Why Do Employees Embezzle? How to Protect Your Business

February 2019 | Article

It doesn’t happen here! Not to our business! Our employees would never steal!

We commonly hear comments like these when our forensic team is brought in to investigate a possible embezzlement. No one wants to believe their trusted employees would pocket money. But it happens here, it happens everywhere. And it occurs more than anyone would like to believe.

So, what makes these fraudsters steal from their employer, and how can you prevent and/or detect fraud in your business?

The Four ‘B’s
Our forensic team has years of experience learning why embezzlers steal. Forensic accountants have discovered employees generally embezzle for at least one of the four “B”s.

  • Bills – Employees may embezzle because they are having financial difficulties and need money to pay their bills.
  • Bets – Gambling addiction is common reason employees steal funds to pay for their need to bet.
  • Booze – Employees may have a drug, alcohol or other addiction that causes them to embezzle to pay for these habits.
  • Bling – Living beyond one’s means or “keeping up with the Jones” is another reason employees steal to live a lifestyle outside of their current means.

These signs, or red flags, let an employer know that an employee may be struggling and may need help.

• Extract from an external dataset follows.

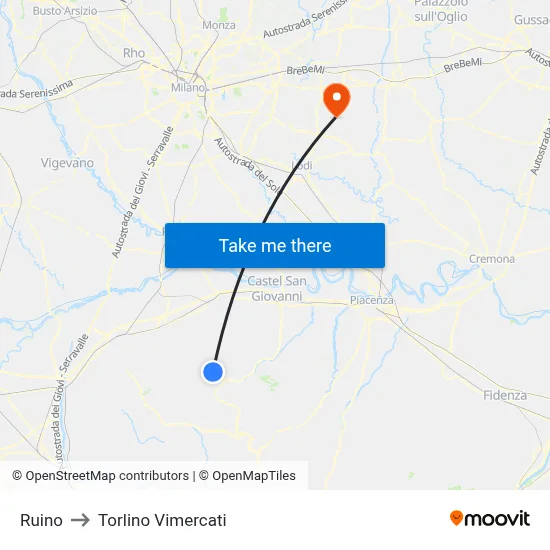Ruino to Torlino Vimercati map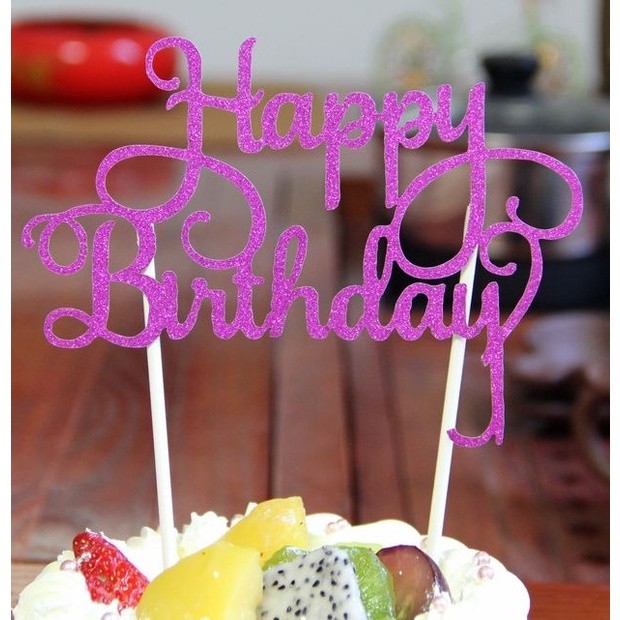 Golden Silvery Blue Paper Glitter Cake Topper Happy Birthday Cupcake Topper For Baby Shower Birthday Party 蛋糕插旗 (399L) - Image 13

If you have an employee that is exhibiting some of these signs, it is important to examine the employee’s job duties and identify what risk/opportunity the employee may have to steal from the organization.

According to the 2018 Association of Certified Fraud Examiner’s (ACFE) Report to The Nations, other top red flags include:

  • Employees who have unusually close relationships with vendors and/or customers
  • Employees that are unwilling to share their job duties and let other get involved with their work
  • Employees going through divorce or experiencing family problems
  • Employees who have a “wheeler-dealer” attitude

Embezzlement-Red-Flags-Graphic

It’s important for business owners to remember when we are talking about fraudsters embezzling from a business, it’s not always money they are taking. It may be embezzlement in the form of inventory or payroll.

Inventory Theft Example
A past fraud investigation identified a fraud scheme involving an employee theft of $950,000 worth of medical and office supplies over a four-year period. The employee was responsible for all duties involving inventory from ordering to receiving and counting to recording. This employee stole these items from their employer, sold them online and used the funds for gambling (one of the four “B”s).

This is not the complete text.